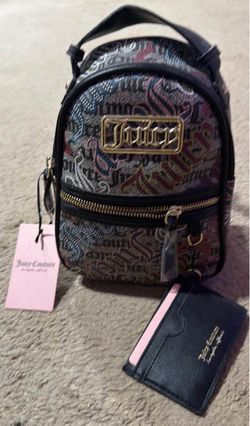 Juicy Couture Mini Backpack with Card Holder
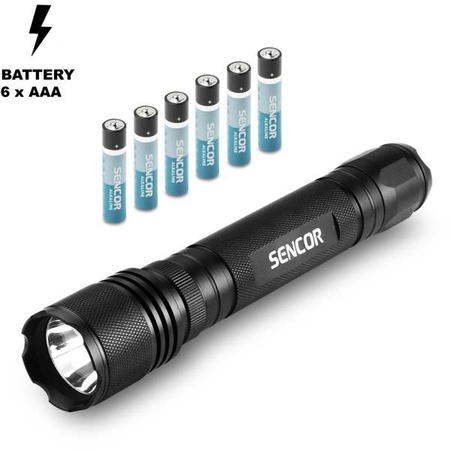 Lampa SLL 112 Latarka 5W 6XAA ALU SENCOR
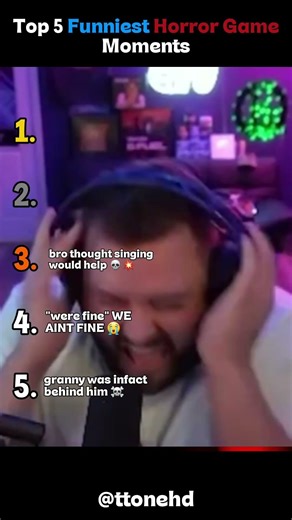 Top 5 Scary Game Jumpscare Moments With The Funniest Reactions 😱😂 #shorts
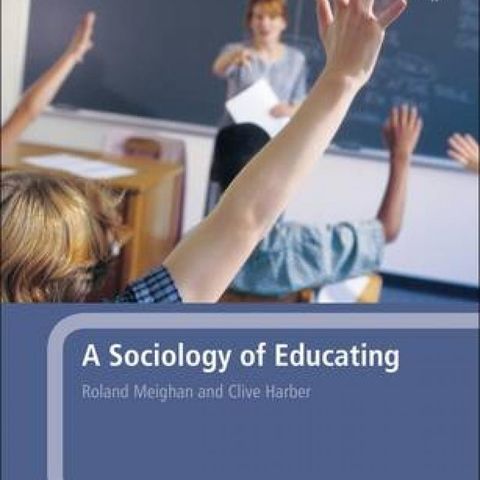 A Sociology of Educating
++++++
**EXERCISE INSTRUCTIONS**
Copy out the data above to the letter, and keep every picture out of it.

**REPLY**
 Juicy Couture Mini Backpack with Card Holder
 Lampa SLL 112 Latarka 5W 6XAA ALU SENCOR
 Top 5 Scary Game Jumpscare Moments With The Funniest Reactions 😱😂 #shorts
 A Sociology of Educating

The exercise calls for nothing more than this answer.